So here I am writing the obligatory "day after the Oscars" entry. Truth be told, in the three category's of Oscar people I am not in the one that goes to Oscar themed parties and bets on the outcome. Nor am I someone that shuns the "big event" entirely. No. I am a closet Oscar watcher. I watch pieces of it - an hour here or there. I wake up the next day and I lunge for a TV set to find out what I missed. . .I just don't like to admit it.
This year, although I can count on less than all 10 fingers the number of movies I've seen in the last 20 months, I actually saw four of the films nominated for an award. Of those four - one of them "swept" the show. (Although the sweep concept is tough to wrap my brain around. I mean I know it won each thing it was up for - but to me a 'clean' sweep would be winning every stinkin' Oscar offered up last night. But I digress.) Anyway, yes, one of the movies I saw was Lord of the Rings.
I've never rooted for a movie to win before, but I did want this one to win Best Picture. Not because I thought it was the best movie in the running - I mean I didn't honestly have an opinion on that. No, I wanted it to win because it was a sentimental favorite, at least for me. I should admit before I go any further that I have never read the trilogy. I saw them often sitting on the book shelf amongst the rest of my father's collection - but I never read them. My father, however, loved them.
I was an early reader. I was reading to myself by the age of 3 - full stories out of picture books. My parents would take me to the library and sit me with a stack of books while they browsed for their own. I never budged. I'd get a slew to take home with us and have them read on the way home in the car. It drove my mother nuts.

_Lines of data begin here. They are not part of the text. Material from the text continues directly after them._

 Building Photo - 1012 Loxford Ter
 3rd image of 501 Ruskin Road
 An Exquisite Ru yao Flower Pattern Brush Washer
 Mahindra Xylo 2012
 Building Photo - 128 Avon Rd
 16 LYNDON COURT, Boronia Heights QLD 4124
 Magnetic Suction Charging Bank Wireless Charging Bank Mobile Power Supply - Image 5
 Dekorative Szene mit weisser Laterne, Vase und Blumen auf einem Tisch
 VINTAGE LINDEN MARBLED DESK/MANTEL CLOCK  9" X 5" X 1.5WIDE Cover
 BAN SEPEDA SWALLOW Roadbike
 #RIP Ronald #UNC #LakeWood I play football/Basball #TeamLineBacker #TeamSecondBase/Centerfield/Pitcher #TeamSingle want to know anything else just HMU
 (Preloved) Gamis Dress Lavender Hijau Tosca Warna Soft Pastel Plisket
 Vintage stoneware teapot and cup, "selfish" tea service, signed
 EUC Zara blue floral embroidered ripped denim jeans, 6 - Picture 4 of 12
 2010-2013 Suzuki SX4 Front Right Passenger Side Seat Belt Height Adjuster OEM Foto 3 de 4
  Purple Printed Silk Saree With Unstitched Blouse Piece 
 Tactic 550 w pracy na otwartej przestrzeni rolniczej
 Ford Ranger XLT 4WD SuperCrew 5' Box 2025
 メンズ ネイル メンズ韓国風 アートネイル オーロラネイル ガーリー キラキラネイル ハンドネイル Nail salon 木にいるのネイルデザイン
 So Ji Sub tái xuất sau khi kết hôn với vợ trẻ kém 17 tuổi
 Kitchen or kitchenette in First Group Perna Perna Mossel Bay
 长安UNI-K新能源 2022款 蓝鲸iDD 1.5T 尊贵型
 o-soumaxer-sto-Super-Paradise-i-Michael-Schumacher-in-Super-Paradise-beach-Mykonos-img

Even though I read early, my father did not stop reading to me each night. We just expand the level of book we read. For Christmas each year I'd get a novel - something with an age appropriate story although the degree of difficulty in terms of reading to oneself was beyond me. Each night I'd settle into bed, pull up the covers and listen. My father sat next to me reading a chapter a night of classic books like Wind in the Willows. . .and the Hobbit.
Some of you '70s children may recall a cartoon edition of the Hobbit. Bilbo Baggins as a short bright red-headed little Hobbit with big fat hairy feet. Animation pleasing to my child eye. I saw the film - although I can't recall if I saw it in a theatre or not. My copy of the book was actually a very thick picture book. It took frames from this animated movie and incorporated the actual book text below it. With this book my father read me the Hobbit - a prelude to one of his favorite authors.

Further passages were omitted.